El bolso de la Reina

Esta semana, toda la prensa ha recogido una curiosa información sobre el lenguaje del bolso de la reina Isabel de Inglaterra.

La historia, desvelada por el historiador Hugo Vickers, no es nueva ni suya. La recogió como tal Bertrand Meyer, en 1991, en su libro “La Corte de Buckingham” (Javier Vergara Editor de Hachette). El señor Vickers tenía que haber tenido la honestidad de recordarlo. Obligado es.

El bolso de su Graciosa Majestad, de tan espectacular actualidad, siempre ha aparecido como una parte de la armonía cósmica de su cuerpo. El bolso puede considerársele como un miembro más de esa real figura. Como la corona cuando preside la apertura del Parlamento.

Cierto es que no es el bolso lo que importa sino el ojo que lo mira. Y si el ojo se posa sobre la soberana, el bolso siempre se encontrará en ella como parte de la verdad de su persona.

El bolso de la reina siempre ha sido “un secreto de Estado”. Lo que puede contener ese bolso, siempre de la firma Rayne, que aparece siempre colgado de su brazo derecho. Incluso cuando está en palacio ha sido objeto de permanente curiosidad.

Bertrand Meyer cuenta que un invitado a una recepción en Buckingham, se pasó todo el tiempo intentando conocer ese secreto. En un momento dado en el que la soberana abrió el bolso para sacar un pañuelo, descubrió con estupor que en el interior, aparte de ese pañuelo, solo había… galletas para sus famosos perros, los Colgi.

Un arzobispo tiene otra versión. Según la famosa y oscarizada actriz, Ellen Mirren, le contó que, encontrándose con la reina, se le abrió el bolso y parte del contenido se cayó al suelo. Su Reverendísima se agachó para recogerlo, descubriendo lo que había: dos lápices de labios, una polvera, un lapicero parker y unas gafas graduadas.
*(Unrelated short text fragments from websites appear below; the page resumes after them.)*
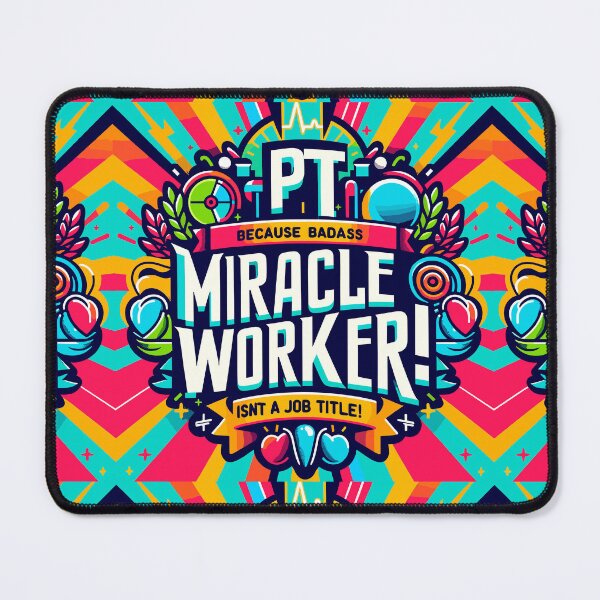 Item preview, PT Because Badass Miracle Worker Isn't A Job Title! designed and sold by TeesYouWant.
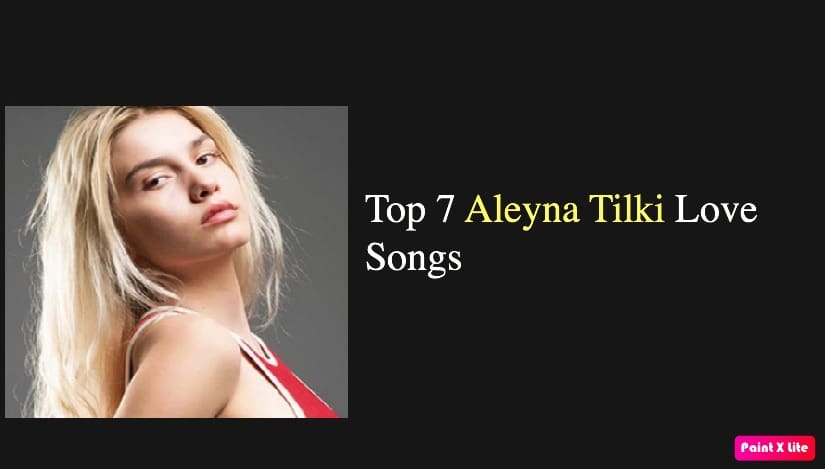 Top 7 Aleyna Tilki Love Songs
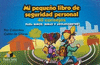 MI PEQUE�O LIBRO DE SEGURIDAD PERSONAL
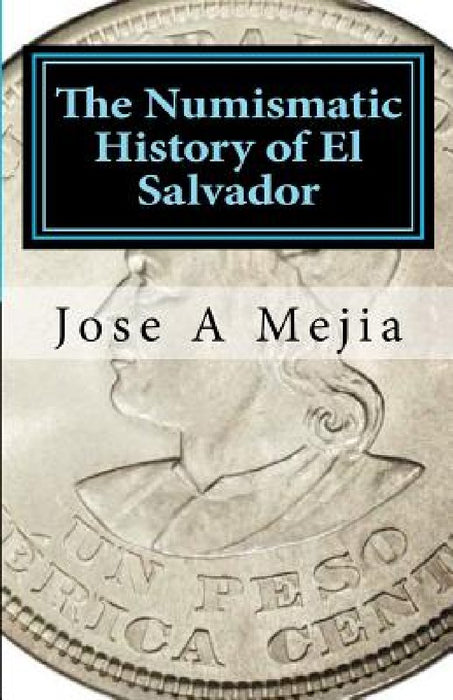 The Numismatic History of El Salvador by Jose A. Mejia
Bertrand Meryer y no Hugo Vickers, escribía en su libro “La Corte de Buckingham”, que la reina también utiliza el bolso para comunicarse con sus asistentes, sobre todo con el jefe de protocolo, durante las audiencias y las recepciones. Cuando decide librarse de algún invitado, no tiene más que cambiar el bolso de brazo para que la liberen. Y si es una audiencia o comida, lo coloca sobre la mesa. La reunión o el almuerzo ha terminado.
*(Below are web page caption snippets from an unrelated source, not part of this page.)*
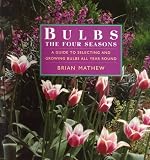 Mathew, Brian: Bulbs - The Four Seasons: A Guide to Selecting and Growing Bulbs All Year Round Mathew, Brian: Bulbs - The Four Seasons: A Guide to Selecting and Growing Bulbs All Year Round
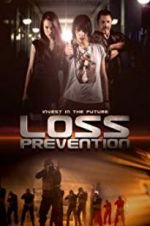 Watch Loss Prevention 123moviesFree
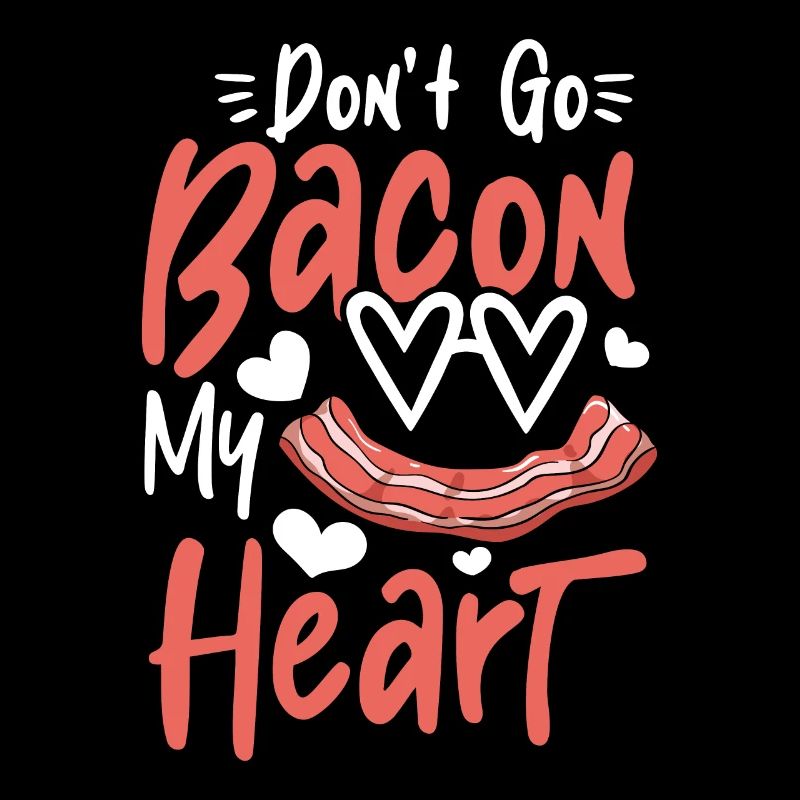Don't Go Bacon My Heart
Tengo la satisfacción de haber coincidido varias veces con Su Majestad. Lo primero que me ha sorprendido es su estatura, la generosidad de su busto y la esplendidez de sus caderas. Las medidas físicas de la reina, solo la conocen sus modistos y Felipe Varela la de Letizia. Pero gracias al secretario privado de Isabel II, las facilitó recientemente cuando se decidió actualizar la figura de la soberana para el establecimiento de Madame Tussaud, en el museo Grevin de Londres.

Ellas son 1.60 de estatura, 91 de pecho /como muchas modelos) y 98 de cadera, con un solemne y real culo.
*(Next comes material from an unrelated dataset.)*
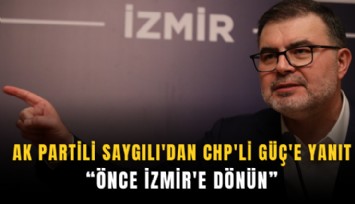 AK Partili Saygılı'dan CHP'li Güç'e yanıt: Önce İzmir'e dönün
A propósito de estas medidas, ¿sabrá Letizia que la estatura de la reina Isabel, a la que visitara recientemente, es 6 de cm más baja que ella?

Cuando Su Majestad viaja al extranjero, siempre lleva parte de su tetera, su jarra, su té, su agua, su azúcar Barley y su almohada de plumas, también “un rosco”, donde colocar su real y espléndido culo en el sanitario de turno. Pura higiene.